American taxpayers, often facing power outages and steady rate increases from their local electric utility, are raising eyebrows today following President Barack Obama --- while on a three-nation tour of Africa --- pledging $7 billion to bring electricity to more parts of Africa, notes Grumpy Editor.
The Power Africa project is directed mainly at Ethiopia, Kenya, Liberia, Nigeria, Tanzania, Uganda and Mozambique.
Speaking yesterday in Cape Town, South Africa, Obama says the project would bring electricity to as many as 20 million homes and businesses in sub-Saharan Africa.
Today’s assignment: Survey U.S. media reports, see if there is mention that U.S. taxpayers would be supporting the $7 billion project in Africa while at home they are facing higher power bills and, in some cases, other costs.
In Nevada, for example, a recently-passed state bill calls for NV Energy to shutter coal-fired power plants and replace them with renewable energy and natural gas facilities --- with ratepayers reimbursing the New York Stock Exchange-listed utility for both closing old power plants and for construction of new ones.
Newspaper editorial staffers slide continues
There were about 2,600 fewer full-time professional editorial jobs at newspapers last year, a 6.4 percent decline from 2011, leaving that category with about 38,000 full-time employees, reports the American Society of News Editors in its annual newsroom census.
The total could be even lower. ASNE points out some large newspapers did not fill out the survey this year, resulting in missing data.
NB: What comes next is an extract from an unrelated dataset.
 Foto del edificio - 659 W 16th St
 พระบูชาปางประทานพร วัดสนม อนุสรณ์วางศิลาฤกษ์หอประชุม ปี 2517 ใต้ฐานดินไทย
Those include USA Today, the Los Angeles Times, the Baltimore Sun, the Arizona Republic, the Miami Herald, the (New Orleans) Times-Picayune and several others.
In all, 978 of 1,382 dailies responded to the survey.
Additionally, notes ASNE, the definition of editorial staff has become muddled as some newspaper operations maintain regional editing centers.
In case you missed these…
Crossfire will be returning to CNN in the fall. An earlier version aired for 19 years…At least a dozen Los Angeles Times editorial staffers received pink slips Friday…The Star-Ledger, Newark, part of Advance Publications, warns its 771 workers it may shut down by the end of the year if its employee unions don't make concessions…Not getting much coverage: CNSNews reports that “the Internal Revenue Service sent 23,994 tax refunds worth a combined $46,378,040 to ‘unauthorized’ alien workers who all used the same address in Atlanta, Ga., in 2011”…In a massive downsizing, the U.S. Army is slashing the number of active duty combat brigades to 33 from 45. A brigade usually numbers about 3,500 soldiers, but can be as large as 5,000 for the heavily armored units…Los Angeles bans plastic bags used in supermarkets. Patrons have to bring their own reusable bags or pay a dime for each paper bag. (No reports from environmentalists on concern in the number of trees cut down to supply sudden heavy usage of sturdy paper bags)…John Shaffer, program director at KDWN, Las Vegas, is named president of the Associated Press Television and Radio Association (APTRA).
A Bergen County, N.J. couple is facing a fine (up to $500) after neighbors complained the bird feeder of Alfred and Annette Rockefeller is attracting too much wildlife. Alfred, 77 and disabled, says feeding birds is one of his joys.